As the pandemic is slowly waning across the world the supply chain problem that the US was facing is now slowly fading out. Once this supply chain comes to normal then the economy will rebound to its pre-pandemic level. 

The investment and financial conditions have to improve in the economy. It is however expected that financial conditions for the US as well as across the world may normalise and would create more investment opportunities outside the US. This will make less desire to hold dollars to avoid risk factors which will eventually lower the dollar and make the US more competitive across the world. The recovery of the global economy from the pandemic will eventually increase the demand for US goods. 

Other than these, the basic economic parameters which the US have to addresses are:

  1. Fiscal Deficit – The US government has to find ways to reduce its fiscal deficit along with its borrowings. Otherwise, this may be a problem for recession too.
  2. Inflation – Though Inflation is slowing down, it is important that the US should not only be vigilant about it but should also be careful about handling the hike of interest rates.
  3. Labour Market – The slow growth rate may lead to more unemployment as there will be less hiring. How the economy is going to respond and how the US government is going to handle this problem is more important. 

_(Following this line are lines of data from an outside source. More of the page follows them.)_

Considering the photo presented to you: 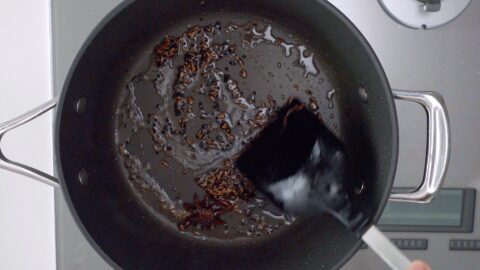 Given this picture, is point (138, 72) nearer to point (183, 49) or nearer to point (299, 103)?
point (183, 49)

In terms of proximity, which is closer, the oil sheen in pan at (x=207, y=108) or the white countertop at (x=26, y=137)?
Answer: the white countertop at (x=26, y=137)

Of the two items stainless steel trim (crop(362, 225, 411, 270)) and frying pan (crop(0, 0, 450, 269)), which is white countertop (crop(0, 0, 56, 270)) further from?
stainless steel trim (crop(362, 225, 411, 270))

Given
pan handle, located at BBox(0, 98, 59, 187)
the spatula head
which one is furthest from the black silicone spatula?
pan handle, located at BBox(0, 98, 59, 187)

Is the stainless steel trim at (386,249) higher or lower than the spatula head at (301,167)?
lower

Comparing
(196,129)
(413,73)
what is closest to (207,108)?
(196,129)

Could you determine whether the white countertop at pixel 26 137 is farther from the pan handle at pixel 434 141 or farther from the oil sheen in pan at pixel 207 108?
the pan handle at pixel 434 141

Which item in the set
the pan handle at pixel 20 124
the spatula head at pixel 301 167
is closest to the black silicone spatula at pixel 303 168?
the spatula head at pixel 301 167

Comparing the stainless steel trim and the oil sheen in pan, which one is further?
the oil sheen in pan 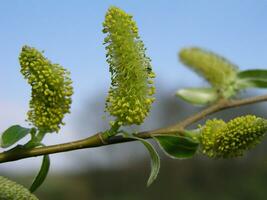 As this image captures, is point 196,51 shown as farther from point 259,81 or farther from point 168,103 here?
point 168,103

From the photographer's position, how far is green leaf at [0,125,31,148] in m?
1.05

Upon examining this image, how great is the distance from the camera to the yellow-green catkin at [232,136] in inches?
40.4

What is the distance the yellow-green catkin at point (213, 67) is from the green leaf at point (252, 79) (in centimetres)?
2

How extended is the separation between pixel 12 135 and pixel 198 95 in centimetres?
39

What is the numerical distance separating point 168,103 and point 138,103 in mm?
14827

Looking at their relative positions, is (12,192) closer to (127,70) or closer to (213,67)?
(127,70)

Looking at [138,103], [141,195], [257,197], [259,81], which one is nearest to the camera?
[138,103]

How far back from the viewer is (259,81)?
1137mm

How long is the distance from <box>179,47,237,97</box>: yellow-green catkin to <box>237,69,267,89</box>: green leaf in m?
0.02

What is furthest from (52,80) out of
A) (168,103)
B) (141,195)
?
(141,195)

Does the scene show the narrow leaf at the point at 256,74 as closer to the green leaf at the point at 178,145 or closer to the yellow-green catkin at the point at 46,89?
the green leaf at the point at 178,145

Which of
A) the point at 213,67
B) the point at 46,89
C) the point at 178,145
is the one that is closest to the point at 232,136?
the point at 178,145

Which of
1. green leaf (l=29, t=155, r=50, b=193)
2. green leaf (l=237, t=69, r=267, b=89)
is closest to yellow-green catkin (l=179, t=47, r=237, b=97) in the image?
green leaf (l=237, t=69, r=267, b=89)

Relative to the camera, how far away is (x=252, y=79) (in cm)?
115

These are challenges for the US, which have to be addressed as they are the need of the hour.  This year the US may be walking on a tightrope, but it has to walk slowly to survive else the economy may fall into recession. 

FAQ

What is a recession?

A recession is a period of economic decline, characterized by a decrease in Gross Domestic Product (GDP) for at least two consecutive quarters. It is typically defined as a significant decline in economic activity spread across the economy, that lasts more than a few months.

What are the indicators of an impending recession?

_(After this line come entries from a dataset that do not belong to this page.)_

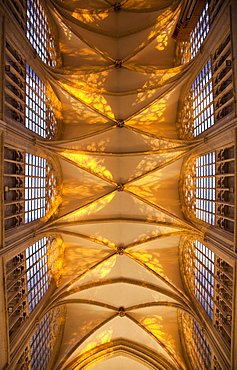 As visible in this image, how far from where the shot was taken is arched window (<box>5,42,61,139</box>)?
12.6 metres

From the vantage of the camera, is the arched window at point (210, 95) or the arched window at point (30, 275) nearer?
the arched window at point (210, 95)

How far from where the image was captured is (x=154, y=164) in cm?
2022

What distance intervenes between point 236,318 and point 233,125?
7.24 meters

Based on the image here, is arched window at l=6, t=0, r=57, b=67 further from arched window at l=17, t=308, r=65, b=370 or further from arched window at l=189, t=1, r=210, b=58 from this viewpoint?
arched window at l=17, t=308, r=65, b=370

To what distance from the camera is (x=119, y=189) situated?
2039 cm

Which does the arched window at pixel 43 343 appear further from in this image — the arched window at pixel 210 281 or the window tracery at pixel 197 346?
the arched window at pixel 210 281

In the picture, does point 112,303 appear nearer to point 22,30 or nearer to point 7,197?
point 7,197

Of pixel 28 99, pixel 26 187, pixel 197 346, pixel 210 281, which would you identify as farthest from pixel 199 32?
pixel 197 346

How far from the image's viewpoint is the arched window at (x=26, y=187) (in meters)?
12.7

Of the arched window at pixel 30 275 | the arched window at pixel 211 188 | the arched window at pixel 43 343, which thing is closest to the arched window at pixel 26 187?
the arched window at pixel 30 275

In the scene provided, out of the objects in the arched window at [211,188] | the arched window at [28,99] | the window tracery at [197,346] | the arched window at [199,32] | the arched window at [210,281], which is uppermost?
the arched window at [199,32]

Indicators of an impending recession include rising unemployment, decreasing consumer spending & a decline in housing prices. Economic indicators such as Gross Domestic Product (GDP), industrial production, and consumer confidence also provide insight into the state of the economy.

What industries are most affected during a recession?

During a recession, industries such as manufacturing, construction, & retail tend to be most affected. As consumer spending decreases, companies in these industries often encounter a decrease in revenue & may need to cut jobs.

How does the stock market react to the possibility of a recession?

The stock market may react negatively to the possibility of a recession due to investors becoming more risk-averse & selling stocks. However, it should be understood that a recession does not always imply a stock market crash.

How can individuals prepare for a potential recession?

Individuals can prepare for a potential recession by building an emergency savings fund, paying off debt & diversifying their investments. They can also consider learning new skills or starting a side business to increase their chances of staying employed during a recession.